▶ [Provided material]:
-----
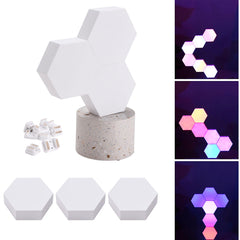 LifeSmart Cololight Smart Light 6-Panel (Pack of 1)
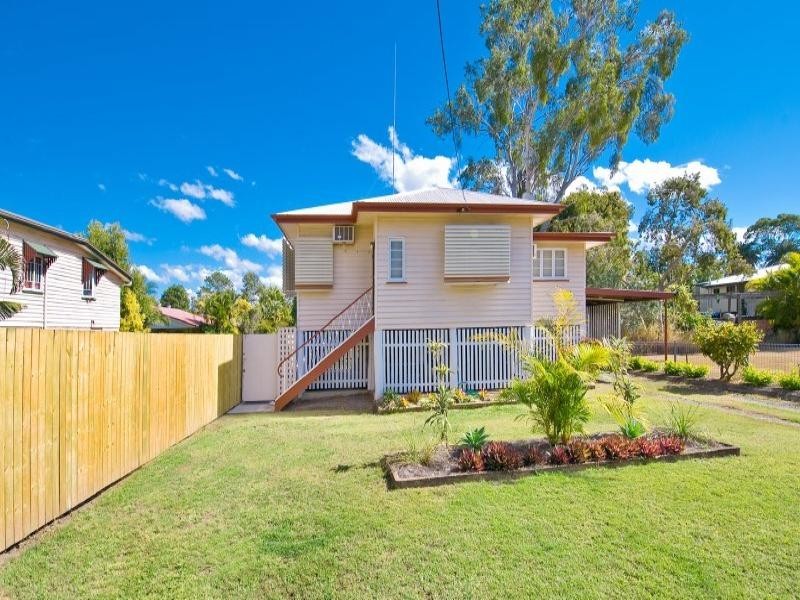 179 Horton Street, Koongal QLD 4701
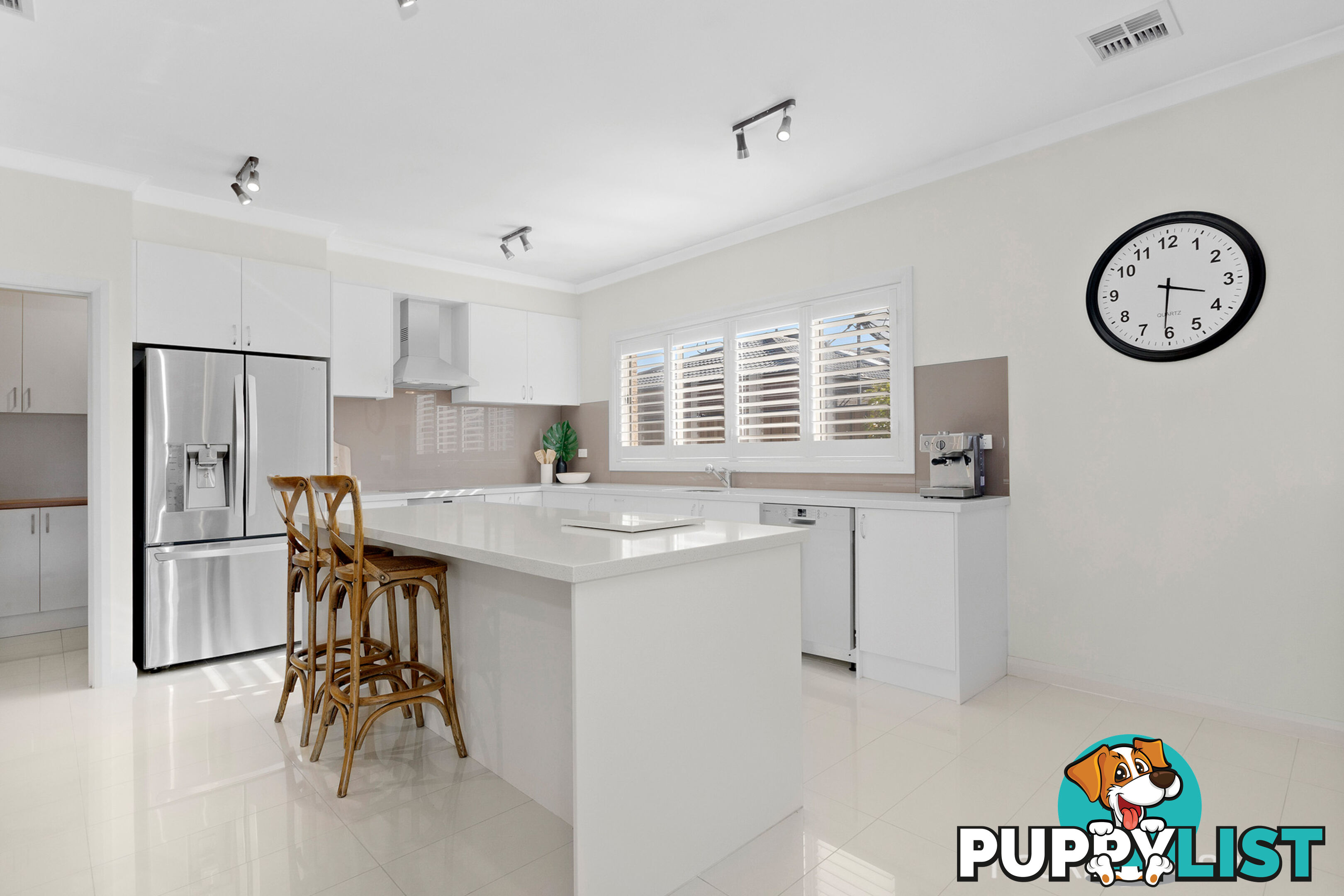 14 Kellerman Drive POINT COOK VIC 3030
-----
Leave the pictures out. Otherwise, output the listing above exactly.

 LifeSmart Cololight Smart Light 6-Panel (Pack of 1)
 179 Horton Street, Koongal QLD 4701
 14 Kellerman Drive POINT COOK VIC 3030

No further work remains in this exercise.